Если же я слишком наседала на нее, мама захлопывала рот так же плотно, как глаза, и достучаться до нее было невозможно. В глубине души я знала: все мои усилия бесполезны. Даже когда мама открывала глаза и смотрела прямо на меня (такое иногда случалось) — она меня все равно не видела. Она говорила со мной; я отвечала. Но в ее глазах, закрытых или открытых, моего отражения не было.


— Думаешь, у нее просветление наоборот? — уточнил Хэл. — По-твоему, она выходит из подполья? Решила сказать — мол, я прикидывалась чуть не двадцать лет, и баста? Я чокнутая и горжусь этим?

Домой из больницы я вернулась поздно, далеко за полночь. Хэл в шортах сидел за кухонным столом и уплетал яичницу с беконом. На отсутствие аппетита он никогда не жаловался.

— Ты разве не ужинал в ресторане? — Я протянула мужу салфетку.

— Ужинал.
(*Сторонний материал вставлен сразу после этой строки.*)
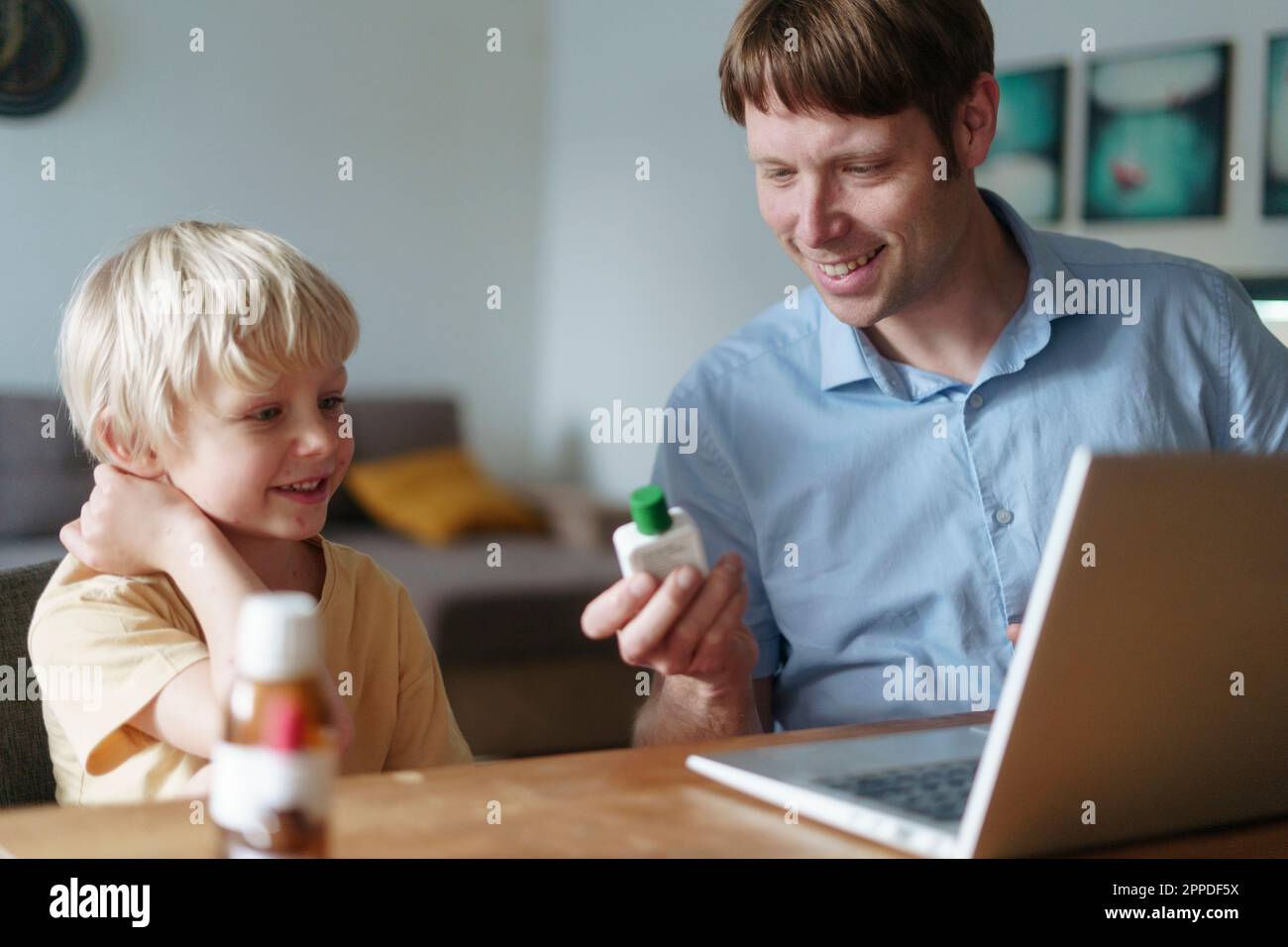 Figlio sorridente con padre che sceglie la medicina per la varicella Foto Stock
Пришлось вести клиента в «Сад императора». Заказали классную штуковину с чили и мидиями. Пальчики оближешь.

Его вилка с очередной порцией яичницы описала в воздухе дугу — и длинный потек желтка украсил грудь и шорты. (Замочить в холодной воде, потом стирать хозяйственным мылом.) Как я уже говорила, Хэл ест по-свински.

— Но ты же знаешь эту китайскую еду — проскакивает моментально. Я снова умираю с голоду. — Хэл выпрямился и перевел дух. — Ну? Что сказал врач?
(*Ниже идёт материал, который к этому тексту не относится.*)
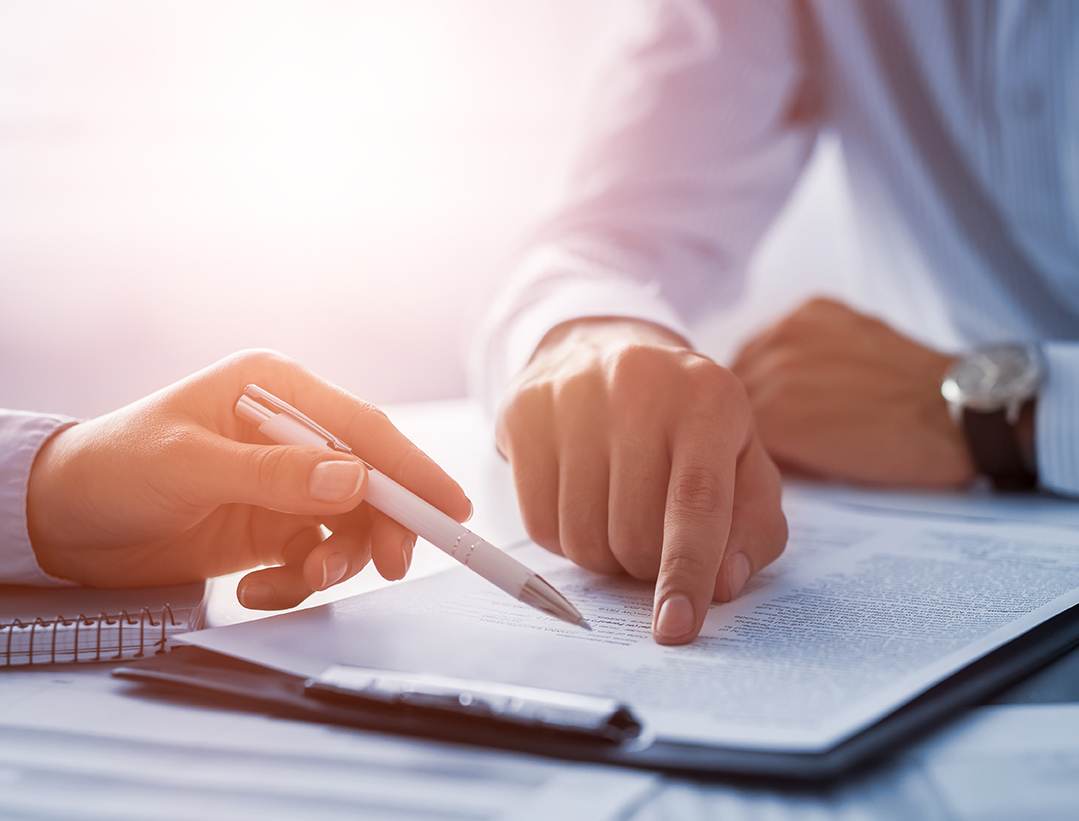 Business people negotiating a contract. Human hands working with documents at desk and signing contract.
— Если приступы паники прекратятся, ее выпишут завтра. Но последствия непредсказуемы.

Я опустилась на пол рядом с ним и поискала местечко помягче, чтобы пристроить голову, но Хэл снова начал заглатывать еду, поэтому мне пришлось выбирать между крошками хлеба, яичным желтком и потной грудью. Я свернулась полусидя-полулежа и припала щекой к его бедру.

— А вдруг все затянется и маме нужен будет присмотр? — спросила я. — Кроме меня ведь некому это делать.
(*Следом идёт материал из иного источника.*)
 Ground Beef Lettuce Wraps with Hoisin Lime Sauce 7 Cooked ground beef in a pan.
Сквозь густую темную поросль на ноге Хэла я смотрела на свое отражение в зеркальной дверце кухонного шкафчика напротив нас. Странное дело — я видела, как шевелятся мои губы, но женщина в зеркале совершенно на меня не походила. Будто кто-то абсолютно другой. Я даже не была уверена, что доносившийся до меня голос — мой собственный.

— Вот в таких случаях и начинаешь ценить братьев и сестер, — сказал Хэл. — Обычно от них толку как от козла молока, но, когда предки сдают, они оказываются очень кстати.

У Хэла было трое братьев. Все их родственные отношения сводились к регулярным встречам, где обсуждался единственный вопрос: что делать, если предки доживут до глубокой старости. А родители именно так, вопреки всем ожиданиям (и финансовым прогнозам), похоже, и собирались поступить.

А как быть мне, единственной дочери? Я знала, что могу рассчитывать на помощь Триш и Марджи, но всему есть предел. Хэл? Ох, боюсь, на Хэла лучше не рассчитывать.

— Мне никак нельзя сейчас бросать работу, правда? — Я закинула удочку в надежде, что Хэл в приливе сочувствия возмутится: «Конечно можно! Как-нибудь выкрутимся!»

Ничего подобного я не дождалась.

— Тебя весь день вызванивали с работы, — сообщил Хэл. — На автоответчике куча сообщений от какой-то девицы. Софи какая-то. Умоляет перезвонить.